When a problem arises - I really want to understand what caused it. When you receive an alert that your application does not work - you really would like to know what other related parts of the system are behaving in the wrong way, and what other anomalies are there. There should be clear graphs collected in dashboards, from which you will immediately see where the problem hides.
Monitoring notifications (alerts)
Alerts should be as clear as possible: the administrator must understand what this alert is about, what documentation refers to, or at least who to call, even if he/she is not familiar with the system. There should definitely be clear instructions on what to do and how to solve the problem.
There probably should be instructions on how to react and they must be updated regularly. If everything works through the orchestration system including all changes that are deployed through it - then, probably, everything should work fine. The orchestration system allows to check the relevance of monitoring adequately.
Monitoring should expand after each alert - if suddenly there was a problem that was skipped by the monitoring tool, you need to fix this situation so next time the problem will be not sudden for you and your team.

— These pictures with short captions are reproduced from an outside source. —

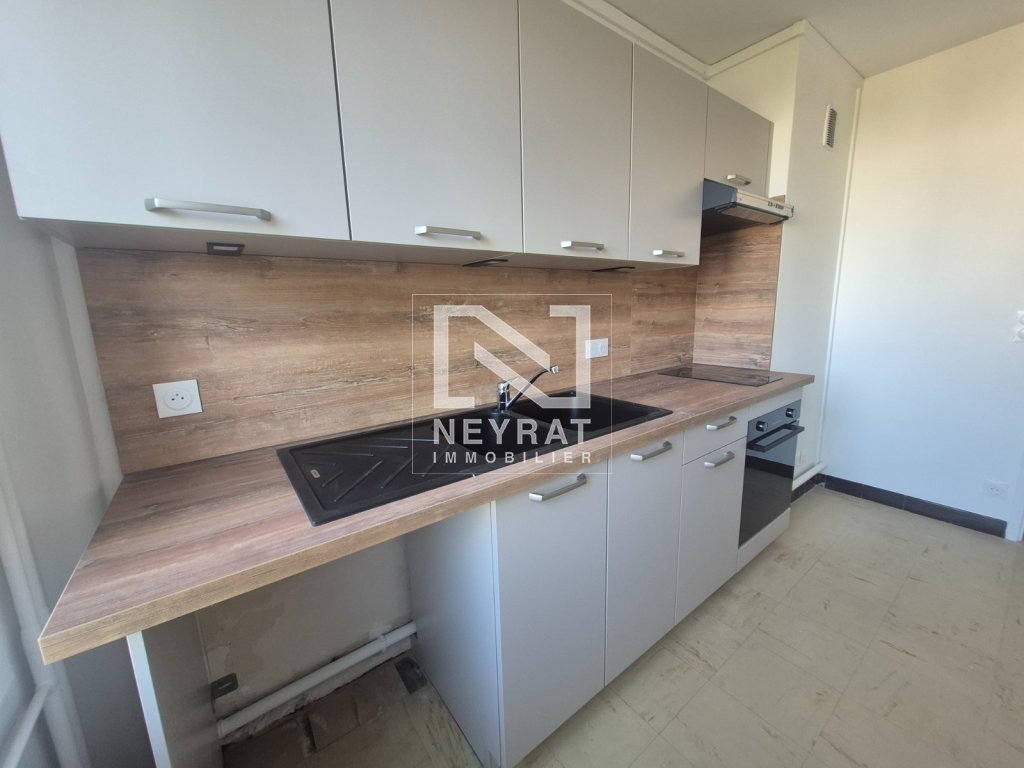 APPARTEMENT T2 A LOUER - AUTUN - 42.4 m2 - 600 &euro; charges comprises par mois
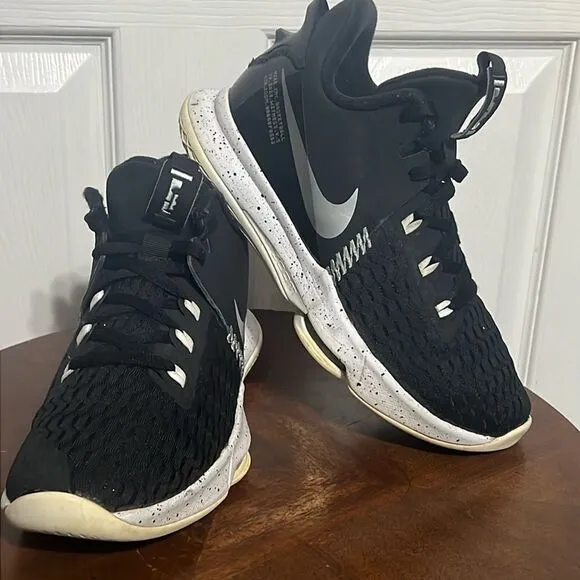 🏀 Nike LeBron Witness V5 Black/White Basketball Shoes LEBRON JAMES - Sz 8 - GUC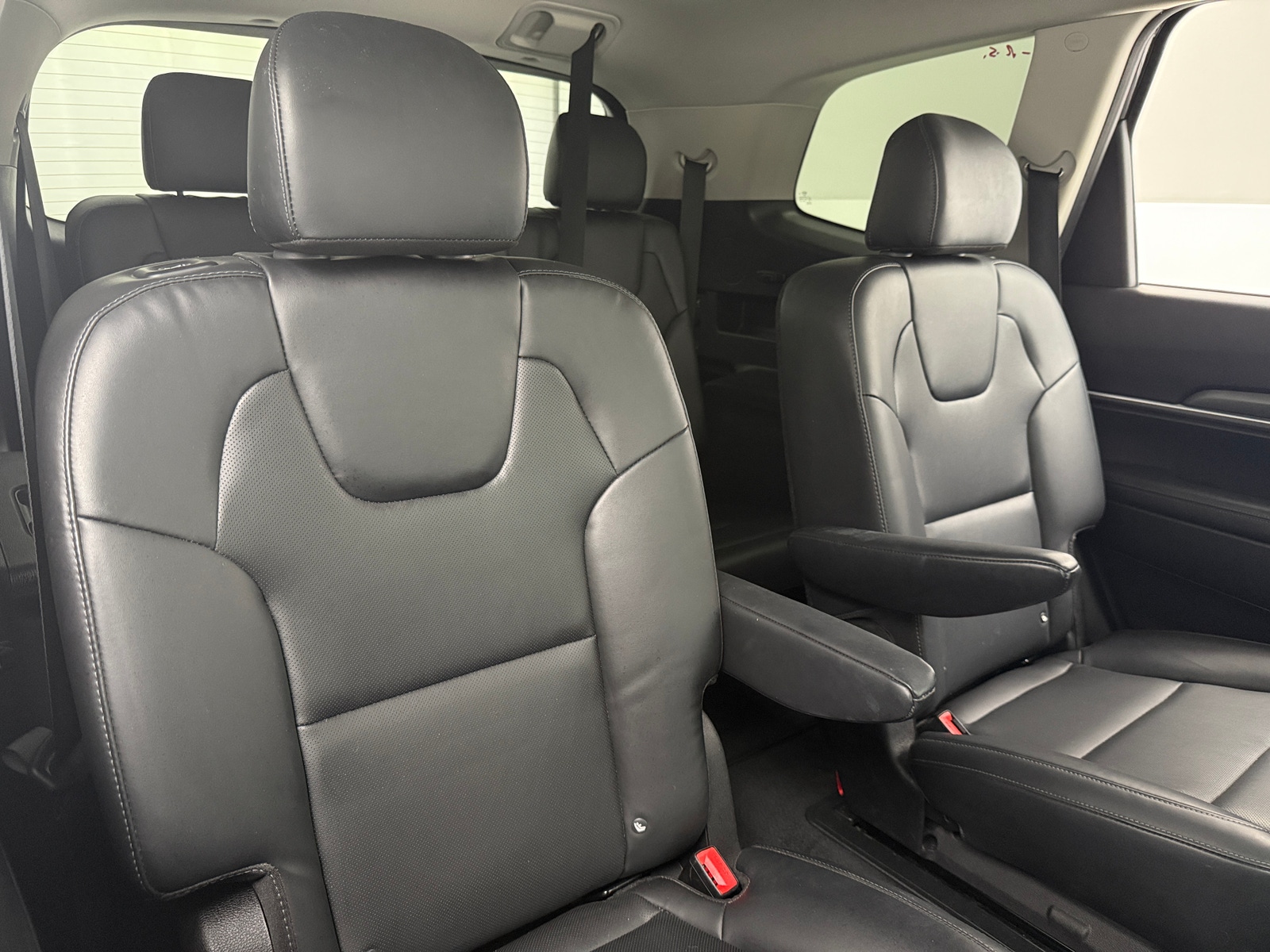 Thumbnail: 2020 Kia Telluride - 5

Monitoring of the monitoring :)
Above all, you need to know that your system monitoring itself is working. There must be some external custom script that checks if the monitoring system is working properly. No one wants to wake up from the call because your monitoring system has fallen along with the entire data center and nobody told you about it.
In modern scaling systems you probably have Prometheus configured because there are no analogs that will provide the same detailed metrics. In order to view convenient graphs from Prometheus, you need Grafana, because Prometheus graphs are so-so.
We also need some kind of APM (Application Performance Monitoring). Either this is a self-written system on Open Trace, or jaeger or something like that. But this is rarely done. Basically, either New Relic or specific systems for stacks, such as Dripstat, are used. If you have more than one monitoring system, not just plain Zabbix, you still need to understand how to collect these metrics, and how to distribute alerts; who to notify, who to raise, in what order, what does an alert apply to, and what to do with all of it. Now in order.
Zabbix - is not the most convenient system anymore. There are some issues with custom metrics, especially if the system is scaling and you need to define roles. Despite the fact that you can build very custom graphs, alerts, and dashboards, all of that is not very convenient and dynamic. This is a static monitoring system.
Prometheus + Grafana
Prometheus is an excellent solution for assembling a huge number of metrics. It has pretty similar capabilities for custom alerts as Zabbix does. You can display graphs and build alerts for any wild combinations of several parameters. And it's all very cool, but it's very inconvenient to watch, so Grafana is added to it like a visualization tool.
Grafana is beautiful. But it does not really help to monitor systems, but it provides extensive abilities to read everything. There are no better graphs, probably.
ELK + Graylog
New Relic - APM which is very useful for developers. It gives an opportunity to understand if something is wrong with your application right now. It is clear which of the external services isn't working very well, which of the databases is responding slowly or what system interaction is working incorrectly.
Firstly, you should know what important indicators need monitoring when the system is designing, know what parts of the system are critical for its work and how to test them in advance.
Moreover, there should not be too many alerts and they should be relevant and clearly display what has broken down and pointed to the way how to fix it.
In conclusion, to properly monitor business indicators - you need to understand how the business processes are arranged, what your analysts need, whether there are enough tools to measure the required indicators, and how quickly you can find out if something goes wrong.